-
Notifications
You must be signed in to change notification settings - Fork 5.7k
Description
Description
While troubleshooting an issue that resulted in a dockerd crash, I have found that docker-compose does not close a unix socket with the docker daemon when a container exits and restarts.
This means that exponentially as containers restart more sockets are left open with dockerd, which spins up a new thread for each time a new one is opened, eventually leading dockerd to hit max-threads limit in the Kernel and crash.
In our case, the production workload has about 10 containers that are in an on-demand deployment style, so not all 10 need to be up and running depending on the pool of "devices" needing data processed upstream of them. Ones that aren't used will restart and re-query the database for a new endpoint to process input from.
While this approach of restarting containers is probably not the greatest, at the very least the unix sockets should be closed when finished.

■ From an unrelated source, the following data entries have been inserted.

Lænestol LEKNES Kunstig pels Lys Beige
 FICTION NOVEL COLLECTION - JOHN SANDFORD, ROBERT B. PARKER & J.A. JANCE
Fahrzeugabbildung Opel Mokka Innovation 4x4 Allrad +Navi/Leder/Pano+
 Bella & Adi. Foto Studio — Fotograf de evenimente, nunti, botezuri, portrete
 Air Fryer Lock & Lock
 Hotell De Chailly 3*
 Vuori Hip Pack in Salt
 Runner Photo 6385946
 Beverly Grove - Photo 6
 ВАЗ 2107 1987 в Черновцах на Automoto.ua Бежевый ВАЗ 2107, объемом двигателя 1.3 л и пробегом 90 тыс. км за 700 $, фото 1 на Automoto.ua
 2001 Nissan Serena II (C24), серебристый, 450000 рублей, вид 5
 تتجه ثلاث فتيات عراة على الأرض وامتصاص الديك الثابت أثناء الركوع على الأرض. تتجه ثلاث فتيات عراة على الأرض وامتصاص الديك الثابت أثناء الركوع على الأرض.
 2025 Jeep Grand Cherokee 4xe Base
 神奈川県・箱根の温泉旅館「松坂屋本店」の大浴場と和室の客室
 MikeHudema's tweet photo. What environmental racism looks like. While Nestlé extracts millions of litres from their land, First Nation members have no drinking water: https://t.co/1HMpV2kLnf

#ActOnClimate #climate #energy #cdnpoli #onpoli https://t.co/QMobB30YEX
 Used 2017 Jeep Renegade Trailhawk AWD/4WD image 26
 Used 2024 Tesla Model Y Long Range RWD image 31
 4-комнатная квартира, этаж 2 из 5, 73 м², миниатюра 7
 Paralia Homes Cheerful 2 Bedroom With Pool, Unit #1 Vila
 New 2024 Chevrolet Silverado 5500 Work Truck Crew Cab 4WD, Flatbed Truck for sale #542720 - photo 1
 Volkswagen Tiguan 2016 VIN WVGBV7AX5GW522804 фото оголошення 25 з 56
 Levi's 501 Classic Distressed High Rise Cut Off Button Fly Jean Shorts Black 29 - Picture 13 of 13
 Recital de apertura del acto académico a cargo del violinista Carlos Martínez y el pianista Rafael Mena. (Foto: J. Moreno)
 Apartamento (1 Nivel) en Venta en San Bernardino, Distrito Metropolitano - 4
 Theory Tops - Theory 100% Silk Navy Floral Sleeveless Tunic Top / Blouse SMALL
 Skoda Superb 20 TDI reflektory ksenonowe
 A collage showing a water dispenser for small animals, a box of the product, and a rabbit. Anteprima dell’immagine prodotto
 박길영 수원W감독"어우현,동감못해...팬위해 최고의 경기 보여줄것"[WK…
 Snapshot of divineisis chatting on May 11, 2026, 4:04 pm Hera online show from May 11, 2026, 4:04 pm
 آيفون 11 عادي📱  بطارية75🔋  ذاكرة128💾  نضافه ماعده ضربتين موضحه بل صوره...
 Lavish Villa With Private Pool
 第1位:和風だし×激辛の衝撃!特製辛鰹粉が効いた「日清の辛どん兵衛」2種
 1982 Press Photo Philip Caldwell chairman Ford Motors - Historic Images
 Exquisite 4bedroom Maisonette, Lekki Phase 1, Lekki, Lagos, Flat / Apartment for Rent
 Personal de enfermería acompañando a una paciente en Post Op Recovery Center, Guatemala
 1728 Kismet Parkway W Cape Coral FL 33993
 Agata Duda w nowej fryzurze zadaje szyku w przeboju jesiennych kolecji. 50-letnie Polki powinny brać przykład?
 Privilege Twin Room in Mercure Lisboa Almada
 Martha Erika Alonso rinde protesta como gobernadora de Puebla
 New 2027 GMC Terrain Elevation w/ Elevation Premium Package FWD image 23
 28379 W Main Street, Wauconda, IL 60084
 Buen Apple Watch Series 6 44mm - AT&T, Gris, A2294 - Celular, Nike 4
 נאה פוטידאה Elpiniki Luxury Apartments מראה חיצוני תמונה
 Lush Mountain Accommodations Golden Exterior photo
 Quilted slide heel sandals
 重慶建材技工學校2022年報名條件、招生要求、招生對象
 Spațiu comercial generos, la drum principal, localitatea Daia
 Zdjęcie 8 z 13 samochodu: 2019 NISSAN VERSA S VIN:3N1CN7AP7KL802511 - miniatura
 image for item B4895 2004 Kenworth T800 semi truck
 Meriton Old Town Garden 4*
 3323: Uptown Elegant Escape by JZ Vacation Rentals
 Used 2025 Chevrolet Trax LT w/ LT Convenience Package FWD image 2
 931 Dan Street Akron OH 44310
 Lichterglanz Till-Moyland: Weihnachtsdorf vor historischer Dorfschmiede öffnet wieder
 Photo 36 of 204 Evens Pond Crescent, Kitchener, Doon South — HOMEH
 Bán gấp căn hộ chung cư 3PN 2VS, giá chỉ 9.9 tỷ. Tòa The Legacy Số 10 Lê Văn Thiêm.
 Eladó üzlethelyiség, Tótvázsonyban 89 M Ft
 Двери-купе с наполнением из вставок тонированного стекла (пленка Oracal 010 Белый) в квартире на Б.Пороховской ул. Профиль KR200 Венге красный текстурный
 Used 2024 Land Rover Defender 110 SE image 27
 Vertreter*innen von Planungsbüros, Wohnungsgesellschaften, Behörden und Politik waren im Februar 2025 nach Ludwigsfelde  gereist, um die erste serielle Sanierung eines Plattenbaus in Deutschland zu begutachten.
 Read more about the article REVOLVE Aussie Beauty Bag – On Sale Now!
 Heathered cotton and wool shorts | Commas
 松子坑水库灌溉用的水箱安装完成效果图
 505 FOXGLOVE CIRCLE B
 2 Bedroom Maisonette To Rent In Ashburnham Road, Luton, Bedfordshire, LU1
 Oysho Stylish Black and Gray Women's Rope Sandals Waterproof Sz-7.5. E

From looking into this on the dockerd side, it appears that dockerd sends a notifyClosed via the socket when it exits, does docker compose handle that?
Steps To Reproduce
- create
docker-compose.yaml
---
services:
occupied:
image: container-used:latest
logging:
driver: "json-file"
options:
max-file: "5"
max-size: "30m"
surplus:
restart: unless-stopped
image: container-surplus:latest
logging:
driver: "json-file"
options:
max-file: "5"
max-size: "30m"- create Dockerfile
FROM alpine:latest AS occupied
CMD ["sleep", "3600"]
FROM alpine:latest AS surplus
CMD ["sleep", "10"]- build images
docker build --target occupied -t container-used:latest .
docker build --target surplus -t container-surplus:latest .- start project
docker compose -f docker-compose.yaml --scale occupied=8 --scale surplus=2 up- concurrently with 4, observe total number of tasks/threads under dockerd:
watch -n1 "ls /proc/`pgrep dockerd`/task | wc -l"- concurrently with 4, observe unix socket fds under the
docker-composepid:
watch -n1 "lsof -p `pgrep docker-compose` | grep unix"You will observe the following:
- Docker compose will restart the exiting containers as they gracefully close.
- In step 5, you will see the total number of threads under dockerd will begin to rise.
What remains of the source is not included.